From FedEx and Amgen to Microsoft, Salesforce and Square, 50% of today’s Fortune 500 were founded in times of economic stress over the last 100 years. Indeed, Fortune Magazine was launched just 90 days after the 1929 Wall Street Crash when fortunes were being lost not made. The notion that many of the world’s best companies were either founded or really took off during times of economic stress is inspiring. It’s easy to think that the best path is to lie low and slash burn and conserve runway until the economy picks back up again. But that’s what everyone else out there is trying to do;  simply tread water and survive until market conditions become more favorable. These risk-averse behaviors stem from a fear-based survival mindset. It’s a mindset and approach that history shows will not carry you far relative to smarter, better-financed and better-positioned competition.  

The moment for reset

The best companies in the world are leveraging this moment to reset their foundation. They are applying the strategic skill of ‘seeing around corners’ to determine what their big opportunity is through this downturn – and then aligning leaders and mobilizing to deliver targeted outcomes in a focused and disciplined way. We’ve been working with three such organizations at different stages of maturity as they have made weighty decisions to pivot their strategy and operations towards those areas they can have the biggest impact now. These hard choices may seem to channel risk, but upon closer examination are calculated moves designed to shore up the path to success in the long run. 
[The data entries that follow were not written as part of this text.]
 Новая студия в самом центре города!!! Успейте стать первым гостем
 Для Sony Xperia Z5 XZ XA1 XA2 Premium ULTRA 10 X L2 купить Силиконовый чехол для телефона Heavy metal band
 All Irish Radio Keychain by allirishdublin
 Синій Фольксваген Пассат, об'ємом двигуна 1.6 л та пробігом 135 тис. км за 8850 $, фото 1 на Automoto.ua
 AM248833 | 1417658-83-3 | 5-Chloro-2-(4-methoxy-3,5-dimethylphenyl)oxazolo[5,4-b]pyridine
1. The early stage start-up: Creating a bridge to sustainable growth

This fintech company was banking on a major round of fundraising to fuel growth, but is changing tack as access to capital is shut down for the foreseeable future. Instead of continuing to serve multiple customer segments in a scattershot way, they are retrenching Go To Market efforts to focus on the one segment they can serve the best and most profitably right now. This will buy them the time they need to build out the remainder of their product suite and scale up operations to move aggressively up-market in a sustainable way. This has required saying ‘no’ to bigger customers whom they can’t serve well at the moment while at the same time taking on fairly significant operational risks to cut internal costs and shift to an offshore development model.  If successful, they will benefit from dramatically expanding their engineering capacity, but first will have to manage the looming tech and cultural risks associated with this new plan.   
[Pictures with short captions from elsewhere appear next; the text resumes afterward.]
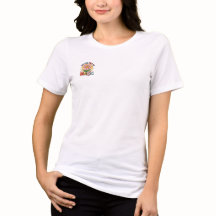T-Shirt ajusté pour femmes Bella+Canvas
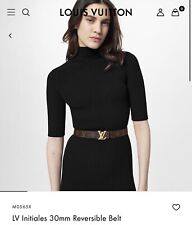 Louis Vuitton LV Iniziali 30mm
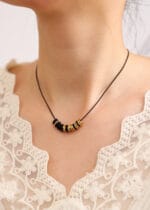 Hidden Message Necklace BDSM – Morse Code Submissive Collar - Image 14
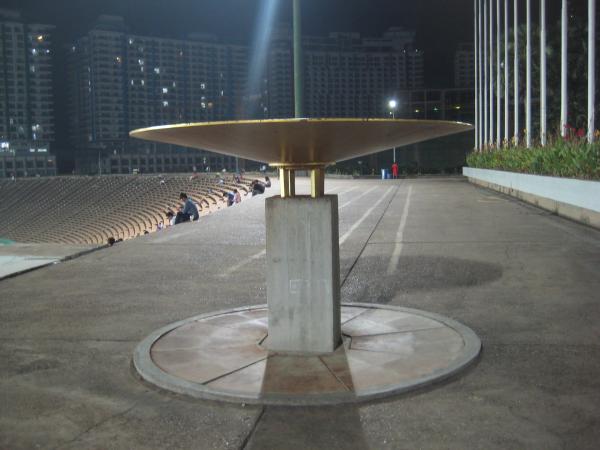 Phnom Penh National Olympic Stadium - Phnom Penh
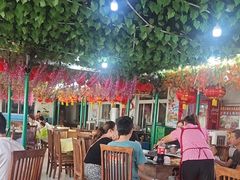 -姥家大锅台水库渔家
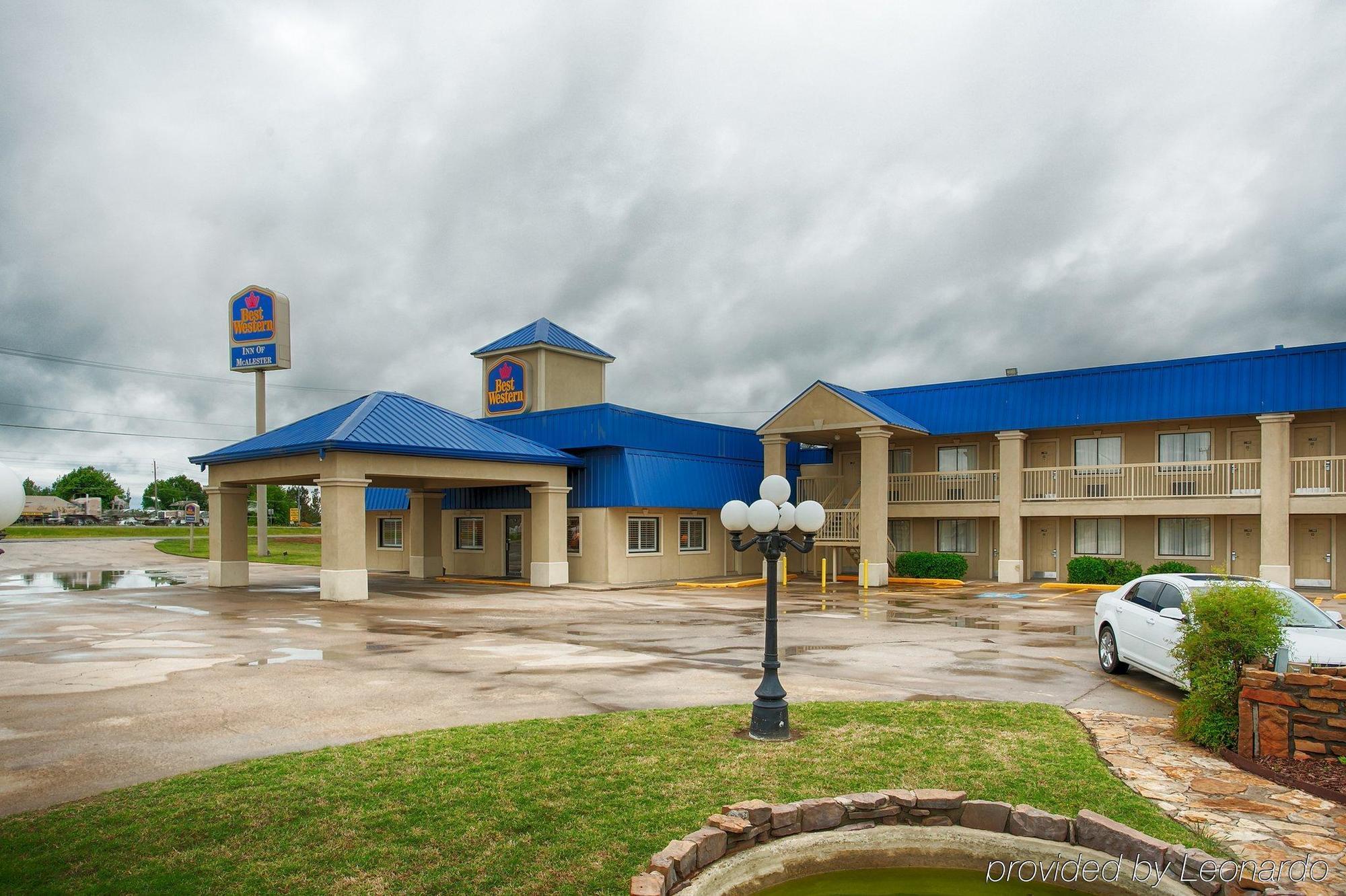 Best Western Inn Of Mcalester Eksteriør billede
2. The late stage start-up: Creating an entirely new market amid uncertainty

This market-making organization is working to commercialize brand-new technology.  After making the tough decision to cut 20% of costs, they are going all in on a single, complex company-wide strategic initiative that, if successful, will demonstrate tangible proof points and value creation at scale.  This will generate the momentum they need to take off when (not if) the market bounces back. When you step back to consider their position, it feels less risky to proceed with this strategy than to continue spreading resources thinly across multiple different commercial bets hoping that one of them might take hold and gain traction. There’s also a higher chance of winning when every team member across the company is focused on the same outcome.

3. The mature, established category leader: Taking on organizational inertia 

Although this company has enjoyed stable revenue and profitability, growth has slowed considerably in the last several years and they’re not acquiring new customers at nearly the same rate they were used to in the past. They are in the unenviable position of having to disrupt themselves. They will do so through two doorways: 1) brand new product innovation by deepening understanding of and finding novel ways to meet consumers’ changing needs during these uncertain times and 2) brand storytelling investments: shaping and communicating their brand promise in a clear, compelling and accessible way  Allowing someone else to step in and tell their story for them has been a consistent problem, as generally, these lurking stories cast this company in a negative light in attempts to bring down the market leader.  Taking destiny back into their hands has meant owning their narrative and being unabashed about what they stand for in this world, while continuing to discover new ways to serve and delight customers.

You can’t cut your way to greatness

Reducing unnecessary costs and becoming more efficient operationally are table stakes. That should be happening anyway. At the same time, this behavior on its own can be taken too far.  Organizations that slash and burn, desperately trying to get themselves out of extreme debt by cutting as many heads as they possibly can without a clear sense of how to ‘win’ hearts and minds of customers, partners and employees amounts to a fruitless strategy.  What will be left of those organizations in the end? The opportunity of a downturn is the moment to reset: sometimes this can feel like a hard reboot, yet leaders operating with a more nuanced understanding of where the present and future strengths of the organization lie will have the clarity to see how to leverage their existing assets most strategically – to catalyze innovation and transformation.